NVIDIA has issued a security bulletin warning about two high-severity vulnerabilities in its Triton Inference Server software.
These flaws allow remote attackers to cause denial-of-service conditions on Linux systems by injecting specially crafted inputs.
Vulnerability Details
Attackers can exploit CVE-2025-33211 by improperly validating a specified quantity in inputs sent to the server.
This issue, linked to CWE-1284, enables denial-of-service without requiring privileges, as the CVSS v3.1 vector AV:N/AC:L/PR:N/UI:N/S:U/C:N/I:N/A: H yields a base score of 7.5.
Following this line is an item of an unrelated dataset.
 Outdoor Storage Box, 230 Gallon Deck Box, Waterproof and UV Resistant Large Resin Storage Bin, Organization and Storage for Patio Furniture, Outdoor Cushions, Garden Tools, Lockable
The second flaw, CVE-2025-33201, stems from inadequate checks for unusual conditions when handling oversized payloads.
Classified under CWE-754, it shares the same CVSS vector and score, leading to server crashes that disrupt AI inference workloads.
Triton Inference Server is an open-source platform for deploying machine learning models across frameworks and hardware, including GPUs.
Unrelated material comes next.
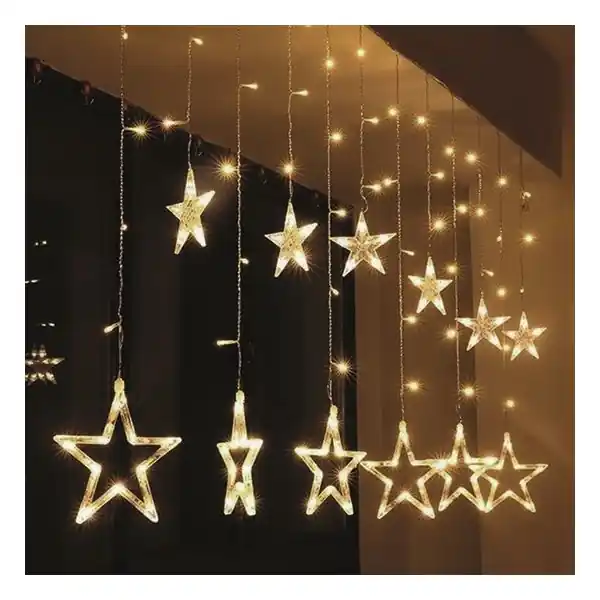 Aktuální LED vánoční závěs s hvězdami 3m+2m, 123LED, časovač, 3xAA, USB, IP44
Both vulnerabilities require no authentication and can be triggered remotely, making them risky for production AI deployments where uptime matters.
Here’s a summary of the issues:
| CVE ID | Description | CVSS Vector | Base Score | Severity | CWE | Impact |
|---|---|---|---|---|---|---|
| CVE-2025-33211 | Improper input quantity validation | AV:N/AC:L/PR:N/UI:N/S:U/C:N/I:N/A:H | 7.5 | High | CWE-1284 | Denial of Service |
| CVE-2025-33201 | Poor handling of extra-large payloads | AV:N/AC:L/PR:N/UI:N/S:U/C:N/I:N/A:H | 7.5 | High | CWE-754 | Denial of Service |
Mitigation Steps
Systems running Triton Inference Server on Linux before version r25.10 face exposure. NVIDIA patched both flaws in the r25.10 release available on GitHub.
Users must update immediately from the official releases page and follow the secure deployment guide, which covers API protections and logging safeguards.
Researchers credited include seaw1nd for CVE-2025-33211, and the Trend Micro Zero Day Initiative team and others for CVE-2025-33201.
No evidence shows active exploitation, but organizations handling AI models should scan networks and prioritize patches to avoid service disruptions.
NVIDIA urges monitoring its Product Security page for alerts.